**Given data**
══════
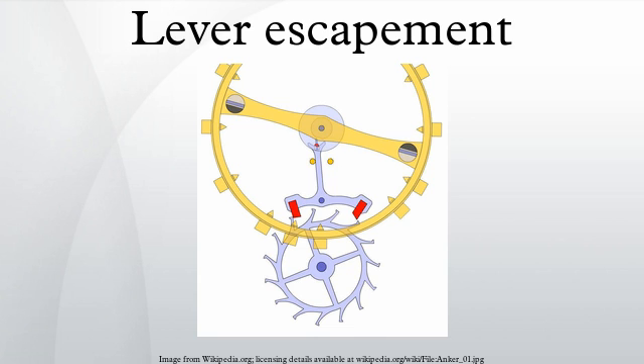A typical watch lever escapement beats at 18,000 or more beats per hour. Each beat gives the balance wheel an impulse, so there are two impulses per cycle. Despite being locked at rest most of the time, the escape wheel rotates typically at an average of 10 RPM or more. The origin of the tick-tock sound is caused by this escapement mechanism — as the balance wheel rocks back and forth, the ticking sound is heard.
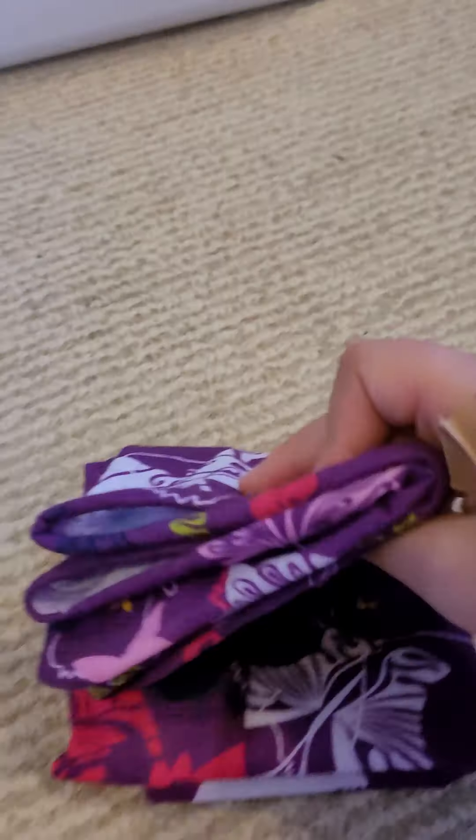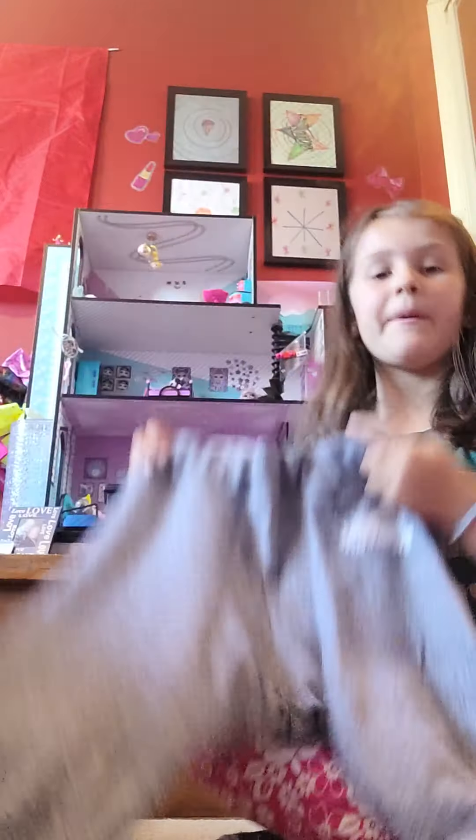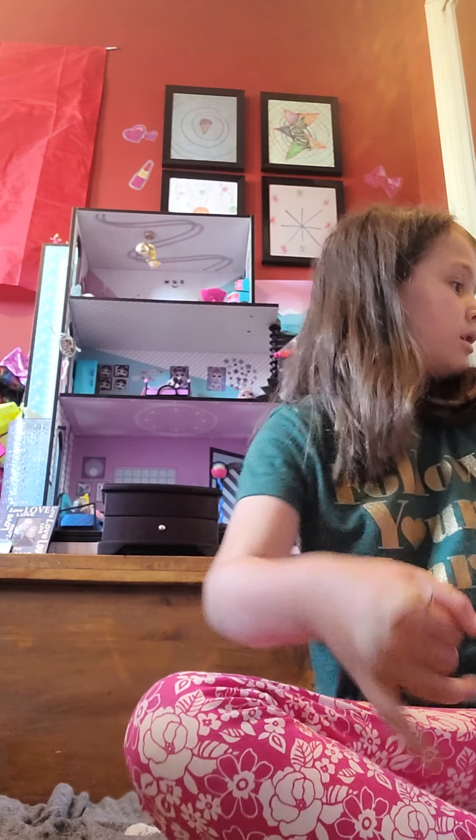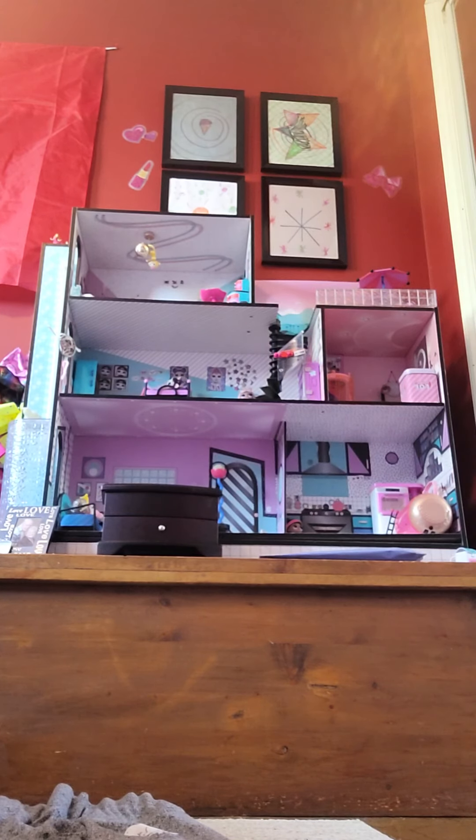We are gonna fold it, so here is how you can fold it. You can take this part right here and put it up like that, and then fold it like this, and then fold it like that. So it's one easy thing.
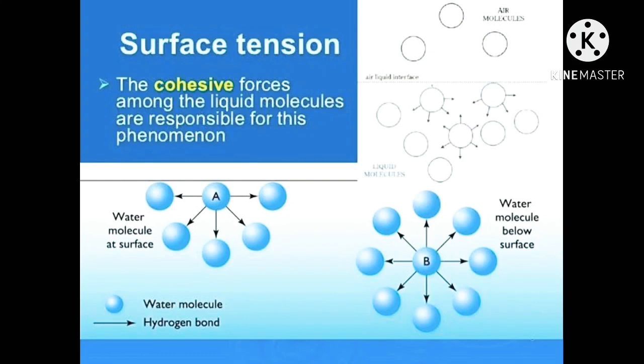Remember that the cohesive forces among the liquid molecules are responsible for this phenomenon. This is what we call surface tension.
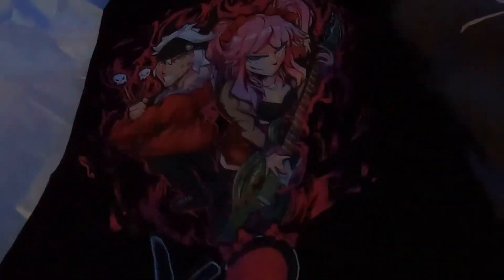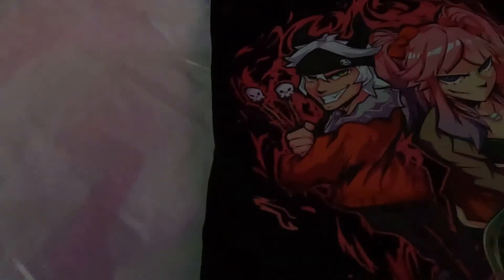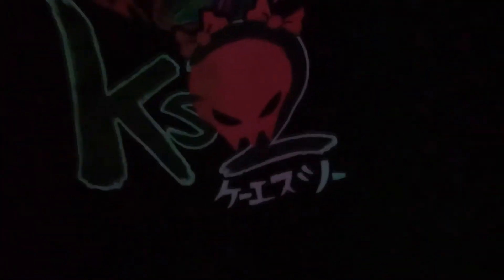Oh my god, look at this! It's their band with the character that was made in the 5 million subscribers live stream — she had to make it twice because the first one crashed. Psycho got a redesign for her player on Garry's Mod or ragdoll. Here's the band, her guitar, and the flames around them. Pretty cool, I like it. And the drumsticks — can't forget those — with the skulls. Yeah, it's really the whole design.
══════
**Task item**
Exactly as written, restate the listing above with its pictures omitted.

**Result of this task**
A typical watch lever escapement beats at 18,000 or more beats per hour. Each beat gives the balance wheel an impulse, so there are two impulses per cycle. Despite being locked at rest most of the time, the escape wheel rotates typically at an average of 10 RPM or more. The origin of the tick-tock sound is caused by this escapement mechanism — as the balance wheel rocks back and forth, the ticking sound is heard.
We are gonna fold it, so here is how you can fold it. You can take this part right here and put it up like that, and then fold it like this, and then fold it like that. So it's one easy thing.
Remember that the cohesive forces among the liquid molecules are responsible for this phenomenon. This is what we call surface tension.
Oh my god, look at this! It's their band with the character that was made in the 5 million subscribers live stream — she had to make it twice because the first one crashed. Psycho got a redesign for her player on Garry's Mod or ragdoll. Here's the band, her guitar, and the flames around them. Pretty cool, I like it. And the drumsticks — can't forget those — with the skulls. Yeah, it's really the whole design.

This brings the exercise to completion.